Netflix / PigPen

Map-Reduce for Clojure
Apache License 2.0
566 stars 55 forks source link

pigpen.core store functions don't quite work #173

Closed punit-naik closed 8 years ago

punit-naik commented 8 years ago

I have a relation called data the dump of which looks like this:

user=> (pig/dump data)
(["2014-12-30" "240465" "18960"] ["2014-12-14" "179355" "14295"] ["2014-12-05" "310706" "4362"] ["2014-12-03" "293209" "14426"] ["2014-11-06" "134263" "10942"] ["2014-09-24" "293763" "18773"] ["2014-09-19" "76412" "6465"] ["2014-08-30" "57813" "18315"] ["2014-08-17" "140325" "15851"] ["2014-08-10" "99408" "10242"] ["2014-07-27" "283646" "7777"] ["2014-07-21" "282190" "6690"] ["2014-07-10" "280308" "6724"] ["2014-04-16" "177294" "5958"] ["2014-04-16" "9630" "9948"] ["2014-04-15" "249966" "7948"] ["2014-03-24" "174913" "7201"] ["2014-03-12" "257354" "4703"] ["2014-01-30" "250252" "45902"] ["2014-01-23" "226169" "7084"] ["2013-12-19" "166220" "5963"] ["2013-12-07" "143208" "6300"] ["2013-11-28" "146795" "11381"] ["2013-08-29" "163403" "17608"] ["2013-08-25" "220460" "5798"] ["2013-07-30" "208614" "2776"] ["2013-07-27" "203026" "5627"] ["2013-07-03" "195602" "19356"])

But when I do a (pig/store-tsv "test.tsv" data), it executes but does not create any file in the working directory. Same goes to pig/store-string.

What am I doing wrong?

mbossenbroek commented 8 years ago

This one is a little counter-intuitive. When you call the store commands, pigpen doesn't immediately write the output to a file. The reason for this is that you might want to store many things and have them all run at once.

What's returned by the store commands is just a query plan, just like any other operator. You can call pig/dump on the result to execute it. It will return both the results, and write them to a file.

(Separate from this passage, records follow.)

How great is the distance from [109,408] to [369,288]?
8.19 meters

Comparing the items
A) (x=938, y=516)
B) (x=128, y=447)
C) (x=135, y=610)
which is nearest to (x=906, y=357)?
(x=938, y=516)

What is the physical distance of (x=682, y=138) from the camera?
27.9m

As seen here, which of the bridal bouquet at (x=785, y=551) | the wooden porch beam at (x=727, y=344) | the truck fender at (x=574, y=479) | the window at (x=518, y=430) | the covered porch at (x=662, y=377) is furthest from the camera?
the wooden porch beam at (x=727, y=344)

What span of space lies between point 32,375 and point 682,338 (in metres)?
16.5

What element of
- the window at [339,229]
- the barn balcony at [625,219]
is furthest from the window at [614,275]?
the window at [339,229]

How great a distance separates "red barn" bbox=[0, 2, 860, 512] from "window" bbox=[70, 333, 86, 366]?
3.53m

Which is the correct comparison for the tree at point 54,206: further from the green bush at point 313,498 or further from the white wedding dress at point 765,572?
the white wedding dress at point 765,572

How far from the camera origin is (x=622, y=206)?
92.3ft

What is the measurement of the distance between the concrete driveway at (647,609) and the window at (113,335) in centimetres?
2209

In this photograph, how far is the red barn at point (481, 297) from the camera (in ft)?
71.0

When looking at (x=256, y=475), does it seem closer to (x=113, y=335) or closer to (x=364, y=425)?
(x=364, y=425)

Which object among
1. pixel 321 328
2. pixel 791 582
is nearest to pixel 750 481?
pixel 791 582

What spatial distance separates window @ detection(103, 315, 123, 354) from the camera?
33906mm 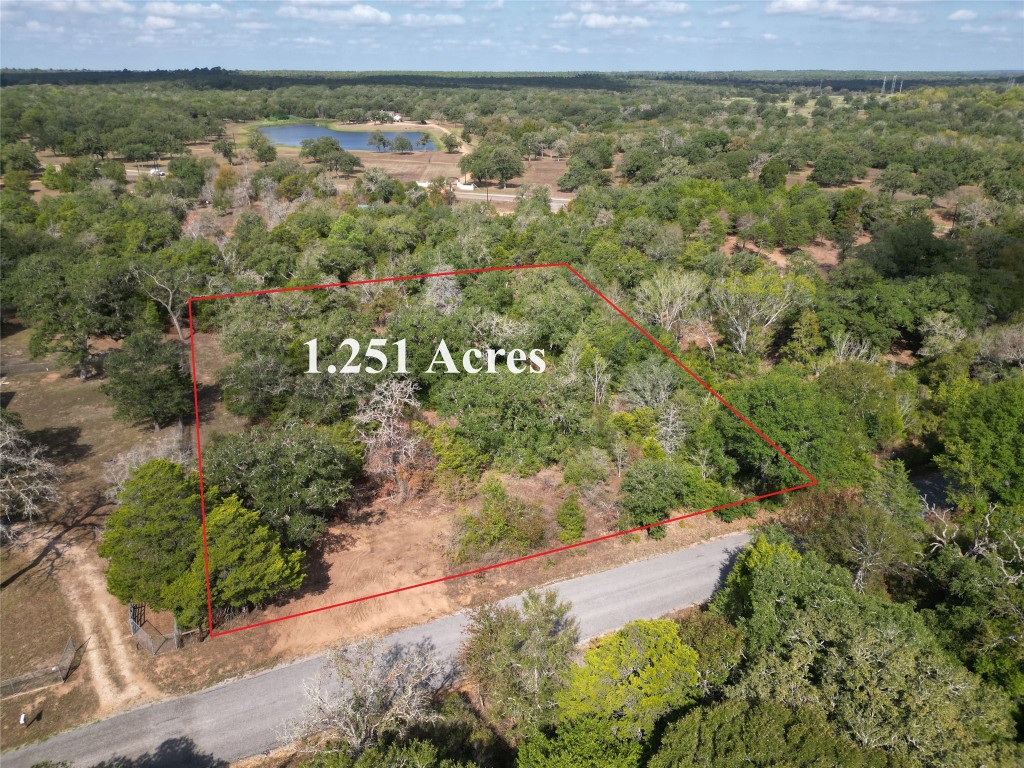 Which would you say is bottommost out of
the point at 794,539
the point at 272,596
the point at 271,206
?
the point at 272,596

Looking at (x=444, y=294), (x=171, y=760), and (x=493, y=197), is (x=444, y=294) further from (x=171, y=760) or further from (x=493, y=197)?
(x=493, y=197)

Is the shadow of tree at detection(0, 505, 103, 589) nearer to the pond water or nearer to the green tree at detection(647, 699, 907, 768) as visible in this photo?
the green tree at detection(647, 699, 907, 768)

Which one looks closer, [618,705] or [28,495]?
[618,705]

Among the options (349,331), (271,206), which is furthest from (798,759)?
(271,206)

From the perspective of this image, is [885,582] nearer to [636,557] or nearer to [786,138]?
[636,557]

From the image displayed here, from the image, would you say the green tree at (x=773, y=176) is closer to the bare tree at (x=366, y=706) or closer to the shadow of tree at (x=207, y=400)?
the shadow of tree at (x=207, y=400)

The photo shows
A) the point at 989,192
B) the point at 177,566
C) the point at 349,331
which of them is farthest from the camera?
the point at 989,192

We have considered adding a pig/run to force execution (and be explicit that we were looking for store commands to write), but it's been lower priority since pig/dump does the same thing.

-Matt

On Wednesday, February 24, 2016 at 12:18 AM, Punit Naik wrote:

I have a relation called data the dump of which looks like this: user=> (pig/dump data) (["2014-12-30" "240465" "18960"] ["2014-12-14" "179355" "14295"] ["2014-12-05" "310706" "4362"] ["2014-12-03" "293209" "14426"] ["2014-11-06" "134263" "10942"] ["2014-09-24" "293763" "18773"] ["2014-09-19" "76412" "6465"] ["2014-08-30" "57813" "18315"] ["2014-08-17" "140325" "15851"] ["2014-08-10" "99408" "10242"] ["2014-07-27" "283646" "7777"] ["2014-07-21" "282190" "6690"] ["2014-07-10" "280308" "6724"] ["2014-04-16" "177294" "5958"] ["2014-04-16" "9630" "9948"] ["2014-04-15" "249966" "7948"] ["2014-03-24" "174913" "7201"] ["2014-03-12" "257354" "4703"] ["2014-01-30" "250252" "45902"] ["2014-01-23" "226169" "7084"] ["2013-12-19" "166220" "5963"] ["2013-12-07" "143208" "6300"] ["2013-11-28" "146795" "11381"] ["2013-08-29" "163403" "17608"] ["2013-08-25" "220460" "5798"] ["2013-07-30" "208614" "2776"] ["2013-07-27" "203026" "5627"] ["2013-07-03" "195602" "19356"])
But when I do a (pig/store-tsv "test.tsv" data), it executes but does not create any file in the working directory. Same goes to pig/store-string. What am I doing wrong?

— Reply to this email directly or view it on GitHub (https://github.com/Netflix/PigPen/issues/173).

punit-naik commented 8 years ago

Thanks a lot @mbossenbroek for clearing my doubts.